- Abbreviation: PCP
- Leader: Kemar Stuart Lynette Eastmond Corey Beckles
- Founders: Kemar Stuart Lynette Eastmond Corey Beckles;
- Founded: 19 January 2026
- Ideology: Social democracy Progressivism Conservatism Multiculturalism;
- Political position: Centre-left to Center-right
- Colours: Green, Orange and Purple

= People's Coalition for Progress =

Electoral alliance in Barbados

The People's Coalition for Progress (PCP) is an electoral alliance in Barbados. It was formed on the 19 January 2026 by the United Progressive Party (UPP), the New National Party (NNP) and the Conservative Barbados Leadership Party (CBLP) to contest the 2026 Barbadian general election.

==History==
The United Progressive Party was formed in 2017 and Lynette Eastmond was chosen to lead the new party after much media speculation, concerning the political ambitions of Eastmond herself. The UPP later contested the 2018 Barbadian general election the next year but only won 1.3 per cent of the vote losing the one seat of Christ Church West, held by new UPP's member, Dr. Agard back to the Barbados Labour Party (BLP). They then contested the 2022 Barbadian general election under the Alliance Party for Progress (APP) Banner with the People's Party for Democracy and Development and failed to win any seats.

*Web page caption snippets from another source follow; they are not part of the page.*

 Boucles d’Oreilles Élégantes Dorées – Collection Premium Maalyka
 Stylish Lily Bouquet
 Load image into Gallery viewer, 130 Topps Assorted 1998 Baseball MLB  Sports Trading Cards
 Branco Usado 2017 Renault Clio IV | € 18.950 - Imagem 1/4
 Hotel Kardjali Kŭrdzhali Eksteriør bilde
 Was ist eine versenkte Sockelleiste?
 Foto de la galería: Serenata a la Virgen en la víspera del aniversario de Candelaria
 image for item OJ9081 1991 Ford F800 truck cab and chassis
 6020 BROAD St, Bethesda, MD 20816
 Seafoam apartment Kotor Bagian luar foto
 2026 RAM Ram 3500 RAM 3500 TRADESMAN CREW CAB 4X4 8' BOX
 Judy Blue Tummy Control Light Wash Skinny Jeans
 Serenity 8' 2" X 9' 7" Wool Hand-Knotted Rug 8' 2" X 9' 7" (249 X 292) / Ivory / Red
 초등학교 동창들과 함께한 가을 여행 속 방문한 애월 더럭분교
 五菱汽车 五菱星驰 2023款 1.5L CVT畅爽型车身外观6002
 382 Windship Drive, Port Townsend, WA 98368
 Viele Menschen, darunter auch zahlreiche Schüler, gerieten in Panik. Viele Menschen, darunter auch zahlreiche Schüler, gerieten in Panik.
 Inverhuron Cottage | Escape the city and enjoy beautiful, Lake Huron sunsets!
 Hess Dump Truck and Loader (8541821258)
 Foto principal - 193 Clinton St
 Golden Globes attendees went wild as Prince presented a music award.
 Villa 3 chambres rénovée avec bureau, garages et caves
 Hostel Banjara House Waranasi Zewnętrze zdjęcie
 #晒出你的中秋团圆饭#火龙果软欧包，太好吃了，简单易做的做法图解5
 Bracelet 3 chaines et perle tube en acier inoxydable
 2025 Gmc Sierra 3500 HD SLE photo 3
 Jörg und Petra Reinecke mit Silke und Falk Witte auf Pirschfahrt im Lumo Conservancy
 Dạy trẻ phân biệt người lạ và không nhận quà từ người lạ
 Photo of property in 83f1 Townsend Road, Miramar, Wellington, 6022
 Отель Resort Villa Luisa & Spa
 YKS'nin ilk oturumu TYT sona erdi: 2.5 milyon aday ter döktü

In January 2025, attorney-at-law Corey Beckles founded the Conservative Barbados Leadership Party (CBLP) on the "principal values of conservatism."

The New National Party (NNP) was founded by activist and former general secretary of the Democratic Labour Party (DLP) Kemar Stuart on the 4 April 2025. It was founded after Stuart was dismissed from his role after former Barbados Labour Party MP Ralph Thorne crossed the floor and became leader of the opposition and of the DLP. The party originally intended to contest the 2025 St. James North by-election but later declined to focus on the next general election.

On 17 January 2026, Prime Minister of Barbados Mia Mottley called for a new general election to be held less than a month away on 11 February of the same year. That same month, the 3 parties announced an electoral coalition called the People's Coalition for Progress (PCP) on the 19 January 2026, to contest the election and stated several of their political positions such as electoral reform and anti-corruption. It was also stated that after the election the 3 parties would discuss who would be elected as prime minister if successful. On 27 January 2026, which was nomination day, the PCP nominated 12 candidates.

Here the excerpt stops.